The structural details of tRNA binding to HisRS have not been directly observed, but by analogy to the binding mode seen for other Class IIa aaRS, the cognate tRNA is believed to interact with only one monomer of the HisRS dimer8,9. The geometry of binding is such that two tRNA molecules can bind simultaneously, one to each monomer of the dimer. The two monomers do not act independently, however. Francklyn and coworkers have extensively characterized the reaction ordering and kinetics of the E. coli HisRS dimer. The E. coli enzyme interacts weakly, if at all, with ATP alone11. In the presence of tRNA, activation of histidine in the second monomer is dependent on prior completion of aminoacyl transfer to tRNA at the active site of the first monomer26. Even in the absence of tRNA, the rate of formation of histidyladenylate is different at the two active sites11. If the HisRS dimer is repurified by size exclusion chromatography after the reaction, the recovered complex has a molar ratio of one bound histidyladenylate per dimer27. This led to a model in which the activation of histidine by ATP at one site induces a rate-limiting conformational change, possibly rigid-body rotation of the insertion domain, that interferes with ATP binding and/or reactivity at the second site11.

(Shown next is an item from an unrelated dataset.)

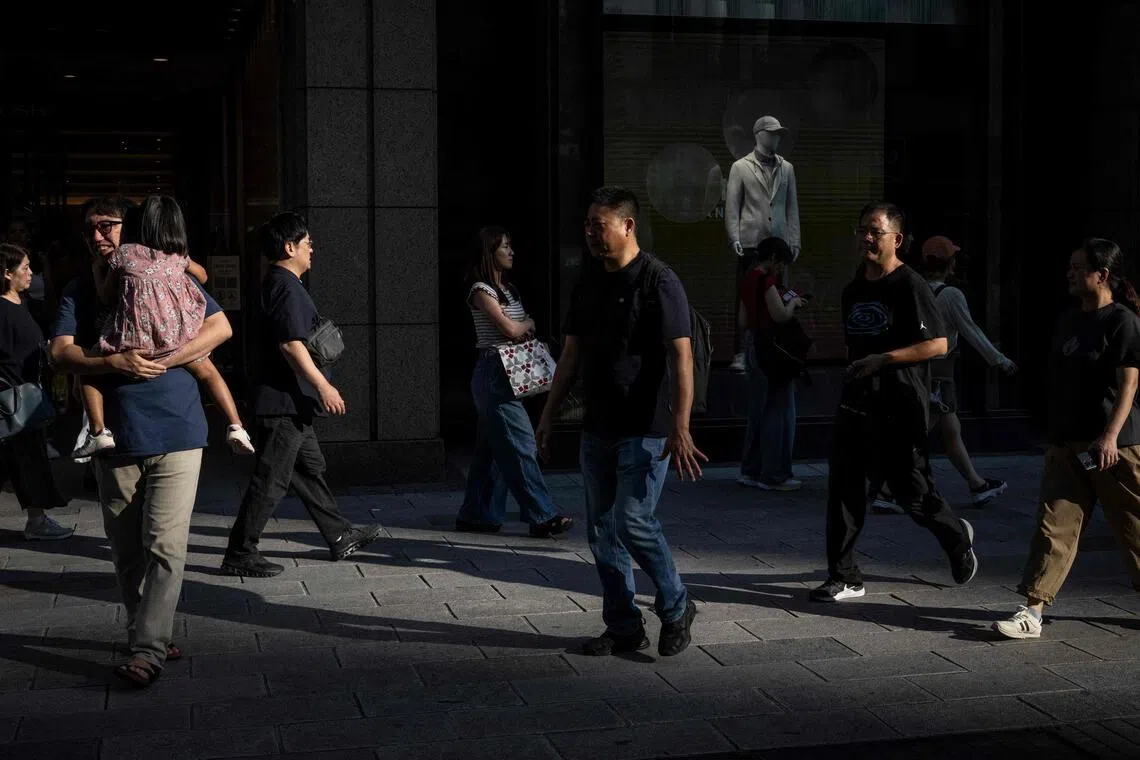 This picture taken on September 6, 2025 shows people walking through the Ginza area in Tokyo. (Photo by Yuichi YAMAZAKI / AFP)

The conformational difference between the apo and histidine-bound trypanosomal HisRS crystal structures is substantial, and provides a structural basis for sequential binding of the substrates, histidine first and ATP second. Thermal melt data for three trypanosomal HisRS homologs are in agreement with this being the order of binding in solution (Figure 5). In each case addition of AMP, ADP, or ATP alone does not stabilize the HisRS dimer in solution, whereas addition of histidine alone shifts the TM of the protein by 4 to 6° C. In the presence of histidine, addition of AMP or ADP causes a small but significant increase in stability. Addition of both histidine and ATP leads to substantial further stabilization of the protein corresponding to a >7° C increase in TM relative to the apo protein. As the enzymes are active, this probably represents the stability of the complex of the protein with the reaction product, histidyladenylate. This ordering of ΔTM is observed consistently for the T. cruzi and T. brucei protein constructs used for the current structural analysis, and also for a full length (no N-terminal truncation) HisRS from the related trypanosomatid Leishmania naiffi.

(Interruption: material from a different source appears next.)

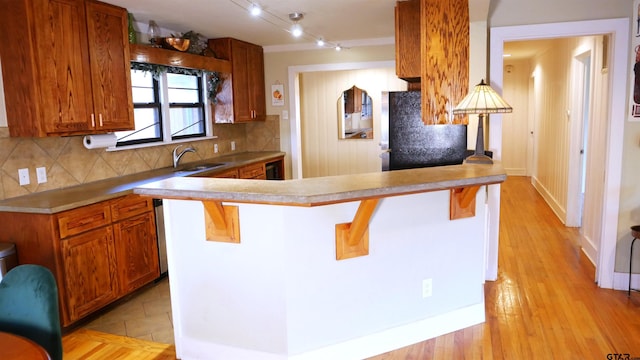 kitchen featuring a kitchen breakfast bar, refrigerator, sink, and backsplash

However, we found only weak evidence for structural asymmetry of the two active sites in trypanosomal HisRS before or after the activation of histidine by ATP. The monomers making up the crystallographically observed apo and His-bound dimers are structurally the same. Indeed, crystals of the T. cruzi HisRS:His complex contain only a single monomer in the asymmetric unit; the two monomers in the biological dimer are related by perfect crystallographic 2-fold symmetry. The two crystallographically independent monomers making up the dimer of the T. cruzi HisRS:HAM complex are also identical to within the precision of model; after superposition of the two monomers, the RMSD for all 414 paired Cα atoms in the model is 0.17 Å. This does not preclude the existence of slight differences, but their effect on the atomic geometry of the active site in the two monomers is not evident in the crystal structure.

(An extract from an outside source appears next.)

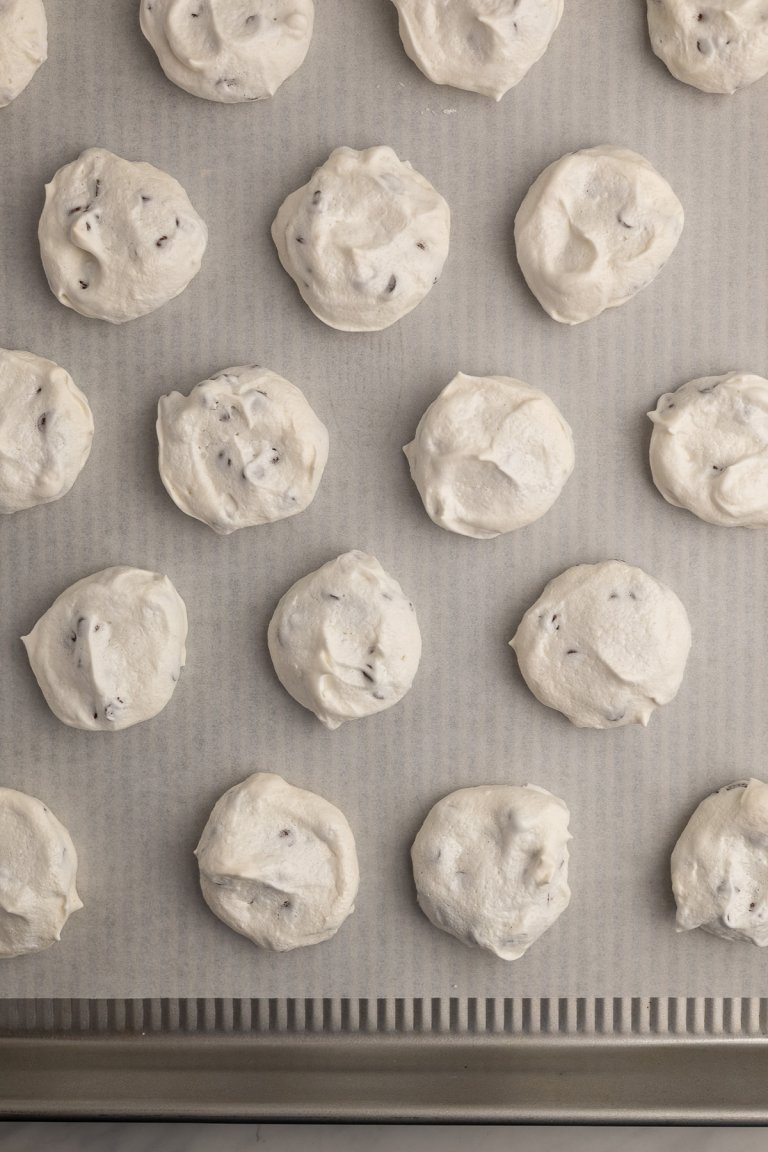 chocolate chip meringues on a sheet pan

The dimers seen in the previously characterized complexes of T. thermophilus with histidine (PDB accession 1adj) and with HAM (PDB accession 1ady) were less symmetric. In these structures, the two monomers within the dimer superimpose with an rmsd of 0.50 Å for all Cα atoms not in the insertion domain, but after this superposition the insertion domains of the paired monomers differ by a rotation that leads to a displacement of the distal helices by up to 4 Å. The insertion domain of the single archaeal homolog studied crystallographically, T. acidophilum, is structurally much more like the current eukaryotic structures than to those of the bacterial homologs. Only the apo form of the archaeal structure has been reported (PDB 1wu7), but here also the insertion domains of the two monomers within the dimer differ by a rotation that leads to a displacement of roughly 4 Å at the distal end.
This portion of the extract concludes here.